Stored records:
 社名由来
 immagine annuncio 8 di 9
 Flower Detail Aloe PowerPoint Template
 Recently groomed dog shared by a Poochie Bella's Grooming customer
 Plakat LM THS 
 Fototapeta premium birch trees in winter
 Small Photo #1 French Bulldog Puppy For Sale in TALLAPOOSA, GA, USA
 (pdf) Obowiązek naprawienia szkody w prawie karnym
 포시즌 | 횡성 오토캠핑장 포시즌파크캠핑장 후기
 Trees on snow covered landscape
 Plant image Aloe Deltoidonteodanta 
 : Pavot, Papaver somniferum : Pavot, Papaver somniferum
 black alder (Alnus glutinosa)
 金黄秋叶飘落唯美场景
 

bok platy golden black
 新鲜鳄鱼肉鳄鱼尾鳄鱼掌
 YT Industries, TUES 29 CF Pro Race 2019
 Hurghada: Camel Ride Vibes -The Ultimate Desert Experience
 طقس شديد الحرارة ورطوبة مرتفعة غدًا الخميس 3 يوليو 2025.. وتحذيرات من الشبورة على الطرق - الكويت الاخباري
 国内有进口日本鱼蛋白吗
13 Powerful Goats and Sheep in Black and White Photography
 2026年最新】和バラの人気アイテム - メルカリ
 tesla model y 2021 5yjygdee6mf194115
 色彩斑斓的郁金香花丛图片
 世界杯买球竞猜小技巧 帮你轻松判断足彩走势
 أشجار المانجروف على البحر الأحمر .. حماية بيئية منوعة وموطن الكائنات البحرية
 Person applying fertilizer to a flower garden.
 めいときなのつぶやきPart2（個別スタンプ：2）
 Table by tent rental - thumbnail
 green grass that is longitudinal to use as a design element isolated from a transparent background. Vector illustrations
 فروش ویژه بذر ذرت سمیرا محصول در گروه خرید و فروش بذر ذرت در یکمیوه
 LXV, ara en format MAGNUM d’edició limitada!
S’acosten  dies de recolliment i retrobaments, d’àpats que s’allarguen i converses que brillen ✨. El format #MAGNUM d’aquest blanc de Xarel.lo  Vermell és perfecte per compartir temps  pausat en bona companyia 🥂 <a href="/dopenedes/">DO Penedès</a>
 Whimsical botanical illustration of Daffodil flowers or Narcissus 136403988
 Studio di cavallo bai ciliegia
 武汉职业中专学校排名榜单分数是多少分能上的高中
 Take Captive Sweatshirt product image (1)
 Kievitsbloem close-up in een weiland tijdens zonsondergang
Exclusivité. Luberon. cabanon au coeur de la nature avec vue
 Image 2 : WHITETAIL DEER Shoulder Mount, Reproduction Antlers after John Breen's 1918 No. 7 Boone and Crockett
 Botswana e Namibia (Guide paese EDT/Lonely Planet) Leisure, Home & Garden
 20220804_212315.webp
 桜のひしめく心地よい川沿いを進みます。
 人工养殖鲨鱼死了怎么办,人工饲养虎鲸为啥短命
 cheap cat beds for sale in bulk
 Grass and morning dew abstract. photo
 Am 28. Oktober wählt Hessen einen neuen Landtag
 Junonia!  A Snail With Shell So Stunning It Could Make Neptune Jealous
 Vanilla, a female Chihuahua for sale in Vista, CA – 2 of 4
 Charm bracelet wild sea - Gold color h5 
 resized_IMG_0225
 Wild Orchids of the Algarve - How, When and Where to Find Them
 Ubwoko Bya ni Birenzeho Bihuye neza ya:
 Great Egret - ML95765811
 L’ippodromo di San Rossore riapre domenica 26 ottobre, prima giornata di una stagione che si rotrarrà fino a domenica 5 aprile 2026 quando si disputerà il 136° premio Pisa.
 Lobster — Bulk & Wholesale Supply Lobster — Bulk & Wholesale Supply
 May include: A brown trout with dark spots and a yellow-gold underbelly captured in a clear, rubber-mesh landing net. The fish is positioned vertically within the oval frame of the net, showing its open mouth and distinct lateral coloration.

■ **TASK BRIEF**:
Reproduce all the records, exactly and in full.

■ **ANSWER TO THE EXERCISE**:
 社名由来
 immagine annuncio 8 di 9
 Flower Detail Aloe PowerPoint Template
 Recently groomed dog shared by a Poochie Bella's Grooming customer
 Plakat LM THS 
 Fototapeta premium birch trees in winter
 Small Photo #1 French Bulldog Puppy For Sale in TALLAPOOSA, GA, USA
 (pdf) Obowiązek naprawienia szkody w prawie karnym
 포시즌 | 횡성 오토캠핑장 포시즌파크캠핑장 후기
 Trees on snow covered landscape
 Plant image Aloe Deltoidonteodanta 
 : Pavot, Papaver somniferum : Pavot, Papaver somniferum
 black alder (Alnus glutinosa)
 金黄秋叶飘落唯美场景
 

bok platy golden black
 新鲜鳄鱼肉鳄鱼尾鳄鱼掌
 YT Industries, TUES 29 CF Pro Race 2019
 Hurghada: Camel Ride Vibes -The Ultimate Desert Experience
 طقس شديد الحرارة ورطوبة مرتفعة غدًا الخميس 3 يوليو 2025.. وتحذيرات من الشبورة على الطرق - الكويت الاخباري
 国内有进口日本鱼蛋白吗
13 Powerful Goats and Sheep in Black and White Photography
 2026年最新】和バラの人気アイテム - メルカリ
 tesla model y 2021 5yjygdee6mf194115
 色彩斑斓的郁金香花丛图片
 世界杯买球竞猜小技巧 帮你轻松判断足彩走势
 أشجار المانجروف على البحر الأحمر .. حماية بيئية منوعة وموطن الكائنات البحرية
 Person applying fertilizer to a flower garden.
 めいときなのつぶやきPart2（個別スタンプ：2）
 Table by tent rental - thumbnail
 green grass that is longitudinal to use as a design element isolated from a transparent background. Vector illustrations
 فروش ویژه بذر ذرت سمیرا محصول در گروه خرید و فروش بذر ذرت در یکمیوه
 LXV, ara en format MAGNUM d’edició limitada!
S’acosten  dies de recolliment i retrobaments, d’àpats que s’allarguen i converses que brillen ✨. El format #MAGNUM d’aquest blanc de Xarel.lo  Vermell és perfecte per compartir temps  pausat en bona companyia 🥂 <a href="/dopenedes/">DO Penedès</a>
 Whimsical botanical illustration of Daffodil flowers or Narcissus 136403988
 Studio di cavallo bai ciliegia
 武汉职业中专学校排名榜单分数是多少分能上的高中
 Take Captive Sweatshirt product image (1)
 Kievitsbloem close-up in een weiland tijdens zonsondergang
Exclusivité. Luberon. cabanon au coeur de la nature avec vue
 Image 2 : WHITETAIL DEER Shoulder Mount, Reproduction Antlers after John Breen's 1918 No. 7 Boone and Crockett
 Botswana e Namibia (Guide paese EDT/Lonely Planet) Leisure, Home & Garden
 20220804_212315.webp
 桜のひしめく心地よい川沿いを進みます。
 人工养殖鲨鱼死了怎么办,人工饲养虎鲸为啥短命
 cheap cat beds for sale in bulk
 Grass and morning dew abstract. photo
 Am 28. Oktober wählt Hessen einen neuen Landtag
 Junonia!  A Snail With Shell So Stunning It Could Make Neptune Jealous
 Vanilla, a female Chihuahua for sale in Vista, CA – 2 of 4
 Charm bracelet wild sea - Gold color h5 
 resized_IMG_0225
 Wild Orchids of the Algarve - How, When and Where to Find Them
 Ubwoko Bya ni Birenzeho Bihuye neza ya:
 Great Egret - ML95765811
 L’ippodromo di San Rossore riapre domenica 26 ottobre, prima giornata di una stagione che si rotrarrà fino a domenica 5 aprile 2026 quando si disputerà il 136° premio Pisa.
 Lobster — Bulk & Wholesale Supply Lobster — Bulk & Wholesale Supply
 May include: A brown trout with dark spots and a yellow-gold underbelly captured in a clear, rubber-mesh landing net. The fish is positioned vertically within the oval frame of the net, showing its open mouth and distinct lateral coloration.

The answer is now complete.